Problem with this command is, whenever I am trying to give path of .gz file.
It is giving Unknown file format not found kind of error.
I throughout it is not recognizing .gz file format.
What is the solution for this?
Is the file on the server side or not? If not, given the size, it's better to copy it there. Normally .gz should be treated as an archive without problems. You can of course unpack/repack it under .zip or something.
@joergunbehauen Hi Jörg, good to see you around. Is this with Stardog 7 or 6? The temp file problem would be interesting to reproduce but the data add command should let you add data in multiple files in a single transaction. The main benefit would be multi-threaded parsing of RDF.
It is giving this error:
shishir18106@compute-0-2 ~]$ stardog-admin db create -n KnowledgeBaseDB /scratch/shishir18106/freebase_database/freebase-rdf-latest.gz
No known format matches the file: /scratch/shishir18106/freebase_database/freebase-rdf-latest.gz
where /scratch is the shared partition across server.
This was using stardog 6.2.1 on an ec2 m5d.2xl instance loading a ~10B triples BSBM data, so this was already some time ago. Initial Loading speed was 200k triples/sec and deteriorated into the 20k triples/sec
I haven't checked with stardog 7 yet.
(Apologies to @Shishir_Singhal for hijacking your thread, i just wanted to point out that splitting the input file might increase ingestion speed )
Zach means you should rename the input file to include the RDF extension before .gz. E.g. it'd be *.rdf.gz if the data is in RDF/XML, *.ttl.gz is the data is in Turtle, and so on.
Jörg, the speed deterioration is most likely due to the lack of memory.
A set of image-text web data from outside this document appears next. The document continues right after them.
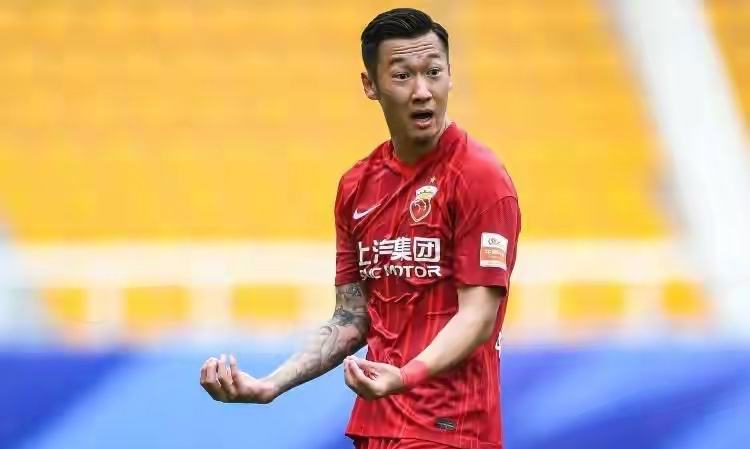 徐新疑踢碎球场玻璃门最新消息,徐新踢坏门追加处罚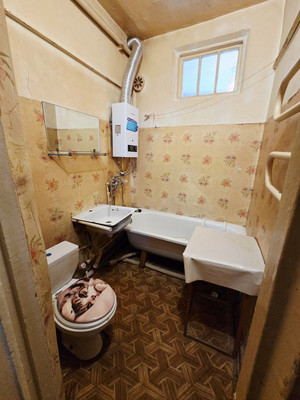 Продам однокомнатную (1-комн.) квартиру, Октябрьская ул, 32, Казань г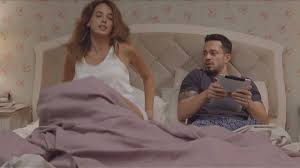 Başrollerini murat boz ve seda bakan'ın paylaştığı, senaryosunu murat dişli'nin kaleme aldığı, yönetmen koltuğunda ise şenol sönmez'in oturduğu öldür benim sevgilim sinemalarda. Cinemaximum Oldur Beni Sevgilim Facebook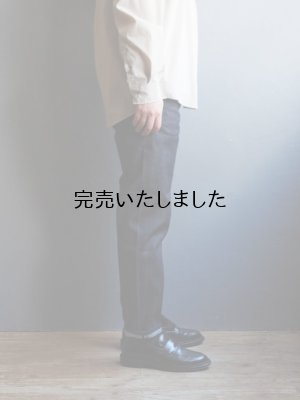 画像2: 【再入荷】Still By Hand(スティルバイハンド)  1タックテーパードデニムパンツ ネイビー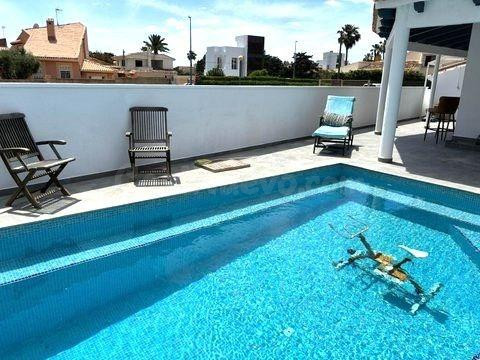 Pareado 3 habitaciones 190m² en venta - Punta Prima - foto 3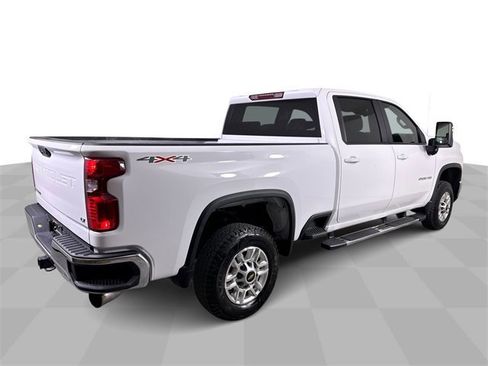 Used 2025 Chevrolet Silverado 2500 LT w/ Convenience Package image 8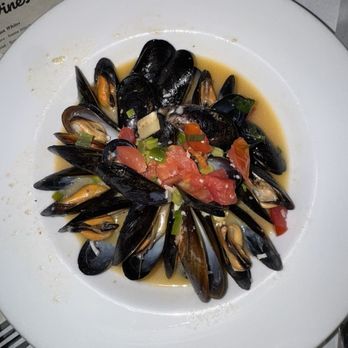 Lorenzo's Trattoria - Steamed Mussels - Italian Near Me - Saint Louis, Missouri Lorenzo's Trattoria - Steamed Mussels - Italian Near Me - Saint Louis, Missouri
It's still a little surprising that it was faster for you in separate transactions with 6. It's usually not. But anyway, very little of what was true about Stardog 6 regarding write performance applies to Stardog 7. Virtually everything (except of RDF parsers) is new when it comes to writing data.
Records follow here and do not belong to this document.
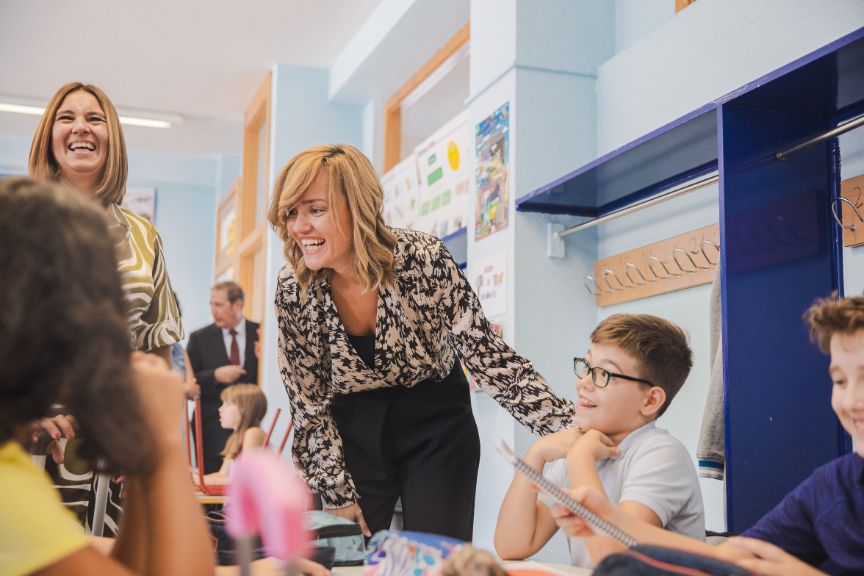 La ministra Pilar Alegría en el CEIP 'Juan de Austria' de Alcalá de Henares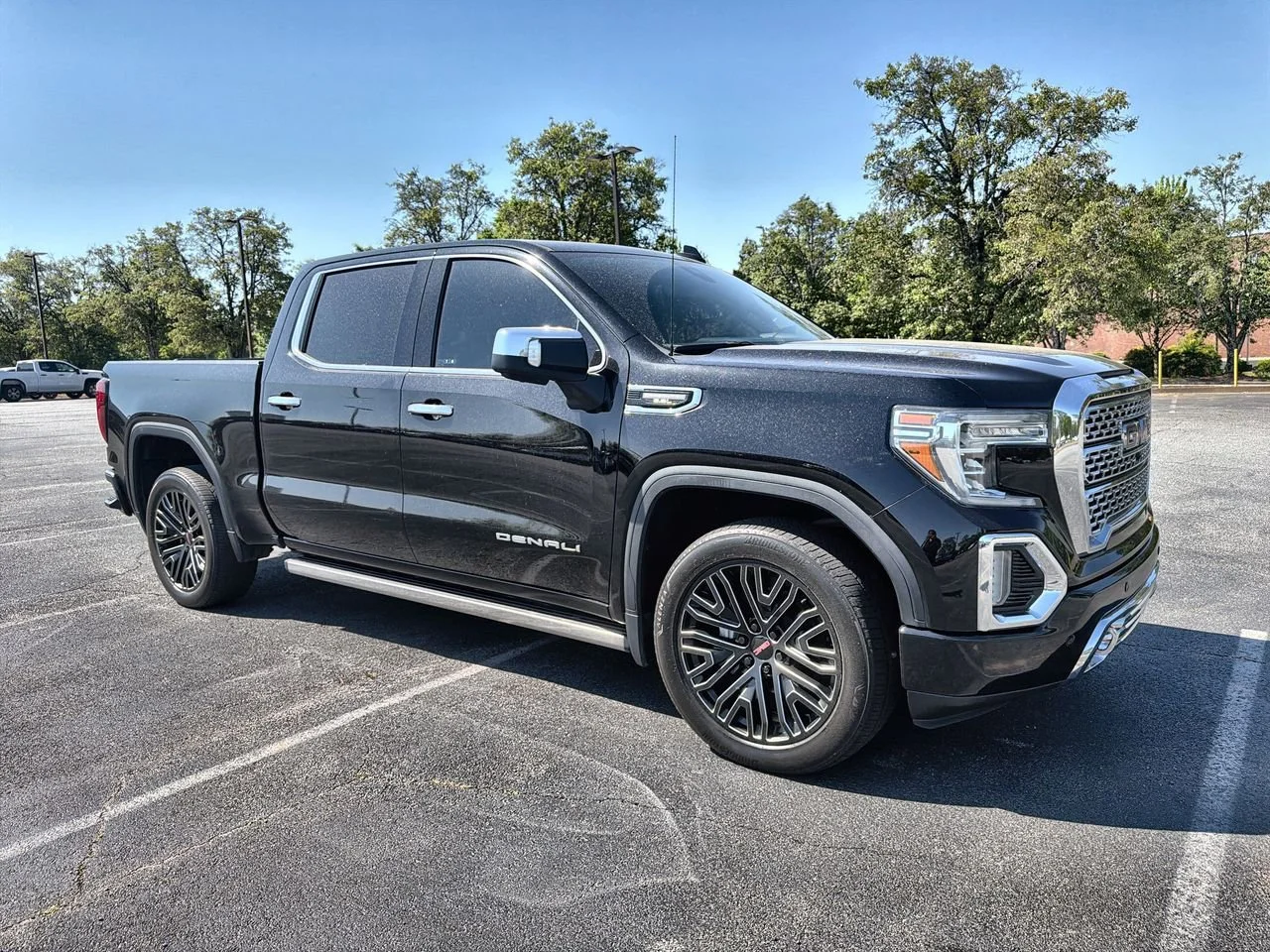 2019 GMC Sierra 4WD Crew Cab Short Box's photo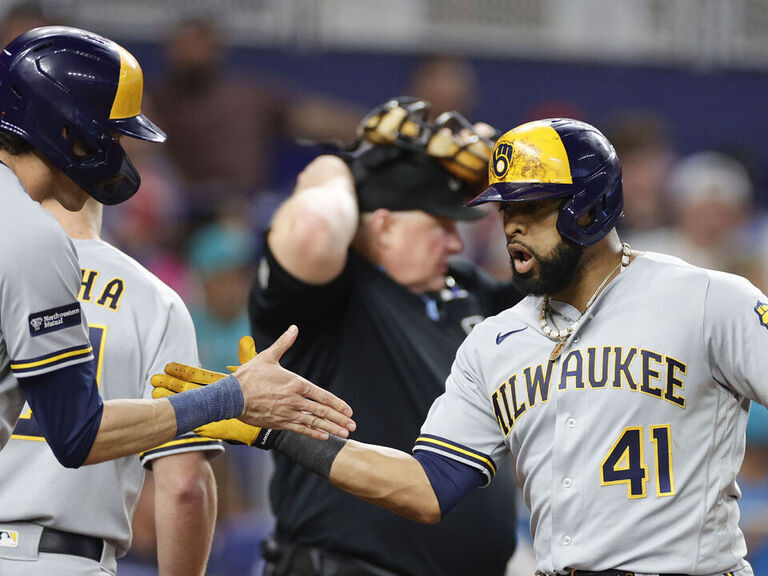 Brewers clinch NL Central title for 3rd time in 6 years thesco.re/3ZEyGuM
The main difference is that data add is a transactional update of an existing database during which the database is fully operational and can serve other read and write requests. The db create command creates a new database and the database is not available until all data is parsed, loaded, and indexed. It's throughput is thus substantially higher. They work in pretty different ways but none keeps all data in memory. Various caches are used to keep some frequently used data in memory.